L’étude des écosystèmes est donc particulièrement malaisée. Les chercheurs sont contraints d’agir avec empirisme et de se livrer à des pratiques que l’auteur n’hésite pas à qualifier de bricolage. Cette stratégie est plus ou moins gratifiante pour les opérateurs qui se réfugient souvent dans des investigations qui ont peu de chance de bien répondre aux questions posées. L’étude des écosystèmes se cantonne trop souvent à des inventaires comparatifs de la flore et de la faune en négligeant exagérément les microorganismes dont les impacts sont pourtant décisifs. Les chercheurs dans le domaine sont tentés de privilégier excessivement la construction de modèles mathématiques sur des données primaires trop rares ou de qualité insuffisantes. La collecte de données sur le terrain est par trop délaissée, le confort des bureaux étant meilleur que celui du terrain. Plus sérieusement, peut-être, bon nombre d’écologues sont, comme bien d’autres, soumis au terrorisme du facteur d’impact de leurs publications. Là comme ailleurs, les chercheurs tendent à être plus productifs que créatifs. L’écologie, qui ne peut se comprendre et agir que sur le temps long, ne peut se satisfaire de telles pratiques. L’auteur note aussi que les luttes de pouvoir et les querelles de clochers nuisent à la productivité des laboratoires qui, par ailleurs, pâtissent plus que d’autres secteurs de la recherche publique d’un sous-équipement en gros matériels.
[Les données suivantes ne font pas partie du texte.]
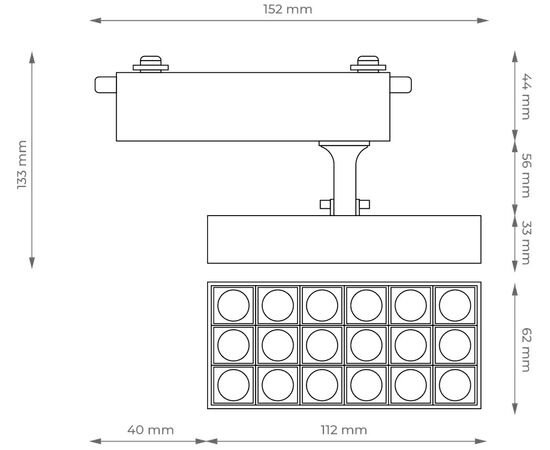 სანათი ტრეკი DPM LED X-LINE 10W 4000K 900Lm თეთრი STR2-10W-W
À cela, il faut ajouter que l’écologie, à son corps défendant, est au cœur de préoccupations de la société. Ceci expose ce domaine de la recherche aux effets de mode et au pouvoir des média. Les écologues ne parviennent pas toujours à éviter les pièges idéologiques tendus par diverses ONG.
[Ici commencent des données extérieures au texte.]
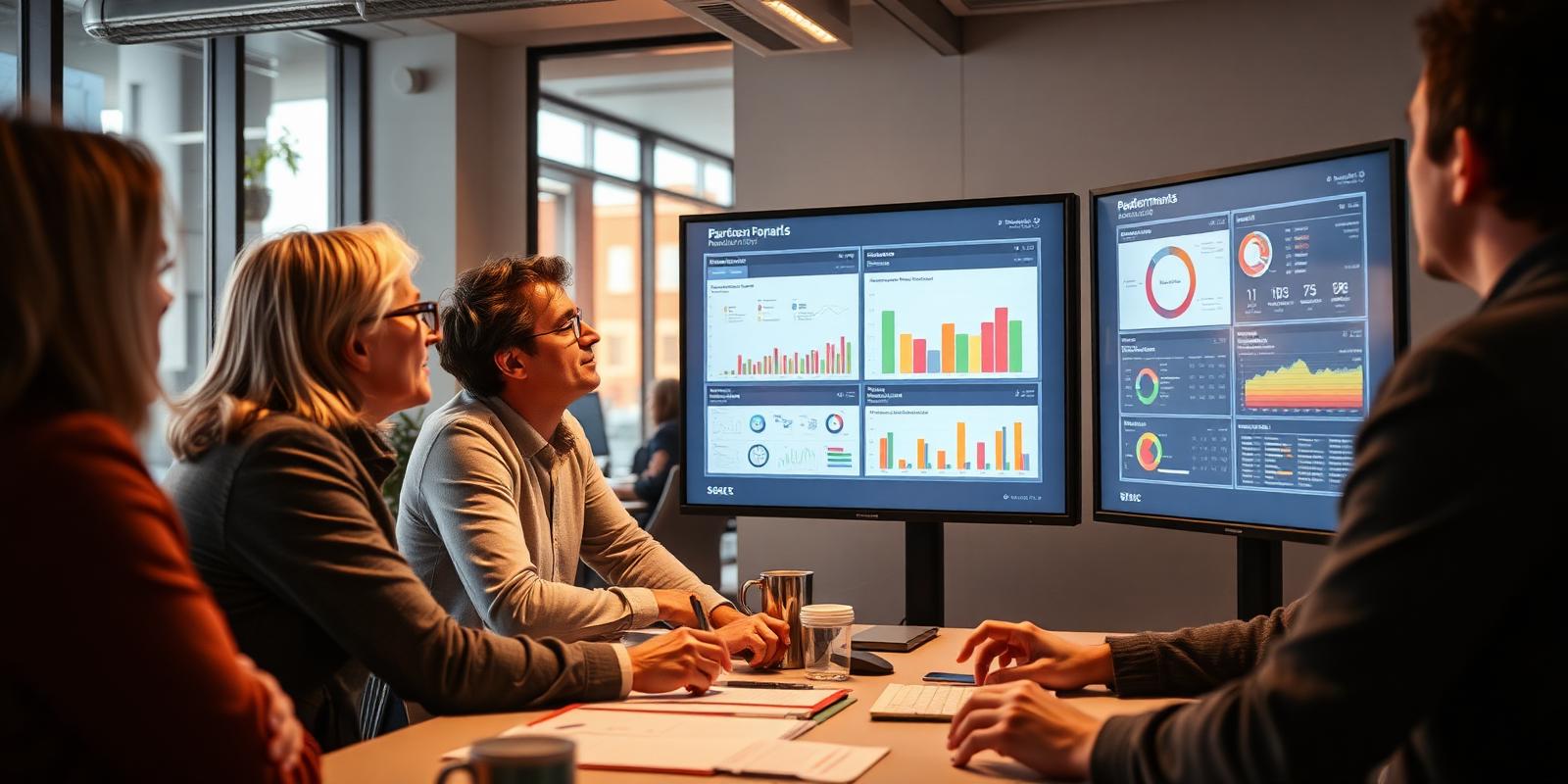 Colleagues reviewing performance dashboards in a corporate office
En conclusion de ce bilan, l’auteur ne sombre pas dans le pessimisme. Il pense que l’écologie scientifique doit se développer en France et que cela est possible à condition de donner la priorité à une vision et une gestion globales des projets de recherche. Le livre contient l’analyse d’une situation qui n’est pas l’exclusivité de l’écologie. Ce n’est pas là son moindre intérêt.